Price Controls and Subsidies

In Venezuela, there’s shortages on various staple foods, including pretty much any meat. Going to the store is a laborious process that people can only go on certain days. Everybody takes their turn. So why are there shortages?

Let’s look at history for a bit of context. During the French Revolution, price controls on bread was one of the main demands of protesters in Paris (you know, the ones who stormed the Bastille and forced Parliament to acquiesce to their demands even though Paris is but one city in a large country). So what happened? Well, there was a shortage of grain, but with the price controls, the vendors couldn’t raise their prices, so they had very little incentive to make it work.

There was no money in making bread. And given the price controls, food ran out even faster (although at least it was equitably distributed), which led to more protests for more food, but there wasn’t more food, just more protesters and more political pressure from the Parisians. The only place to buy bread was on the black market. That led to people thinking rich people were hoarding food to sell at a markup later. That was true at first, but after a while, there simply wasn’t any food. There’s only so many years before all the hidden supplies are gone. But the people didn’t accept that there really wasn’t food.

With all the social disruption, the markets weren’t working very well, so it was harder to import food. Then some of the areas of the country that produced the most grain, which were very religious areas, really started to get pissed off that the secular Parisians were hijacking the political process. Some of the more conservative areas started rebelling, which further restricted the food supply (which ended with nearly every one of them being murdered in what is the most overlooked horror of the French Revolution). In other words, things spiraled way out of control and price controls played some part in that.

A somewhat similar thing happened in Rome, except this time, the price of grain was actually subsidized by the government. When I say Rome, I don’t mean the whole thing, I mean the actual city of Rome and only the city of Rome. Well, as you might expect, this caused a massive influx of people at all times. Food was cheap.

It might not come as a surprise that Rome faced a few grain shortages. During those times, the price of grain shot up. Even if the central government could pay the exorbitant prices, that won’t make food magically appear. So what happens?
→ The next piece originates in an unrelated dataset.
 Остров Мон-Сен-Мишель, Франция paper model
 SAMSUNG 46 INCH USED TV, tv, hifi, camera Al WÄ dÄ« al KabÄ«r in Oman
People buy grain, as much as they can, and then wait until it’s worth more. Thus they make bank and further ensure there will be a shortage. With the promise of food and the lack thereof, the masses got very riled up. And guess what? The black market became the only place to buy bread.

What happens, though, when the black market simply has no more bread? What happens when food just, you know, runs out? Well, people riot because they’re starving.

My point is, overall, price controls and subsidies throw commodities out of whack. That leads to social unrest, protests, and just like in Venezuela, the entire government gets voted out (goodbye Chavistas).

So what about situations where it isn’t food? Let’s say, the price of water is subsidized. For instance, in Iran there’s a water subsidy. Guess what? Iran is fucked. Their farms are drying up. The people using outdated techniques that waste mass amounts of water continue to use those techniques.

In one field, a farmer, Ismael Alizadeh, opened an eight-inch water pipe during the middle of the day, under the burning sun, flooding a field of pistachio trees. “We have always done it like this,” he said with a shrug.

Roughly the same thing happened in California, though for different reasons. California has a peculiar system of water rights that boils down to, first come first serve, so the people with the most senior water rights get to use all the water they want. This led to wildly inefficient farming techniques that wasted tons of water, which helped massively deplete the reservoirs (and continues to do so, although as of late, the state seems to have woken up).

Now, back to the food subsidy programs. I’m not saying that all subsidy is wrong. It’s clearly a good thing to make food affordable to people that can barely afford to buy it. For the same reason as I am 100% in support of food kitchens and shelters for the homeless, I also 100% in favor of subsidizing food for the impoverished among us (in the US, that comes in the form of EBT/Snap/food stamps). This is just a basic humanitarian issue. People need to be able to eat.

Subsidies are best when there is no downside to that thing being used more. In fact, subsidies are great when you want it used more. Like, for instance, alternative energy. Subsidies are fantastic for the promotion of solar power or wind.

We just need to keep in mind that price controls don’t really work during shortages and that subsidies are really only good to promote the use of something.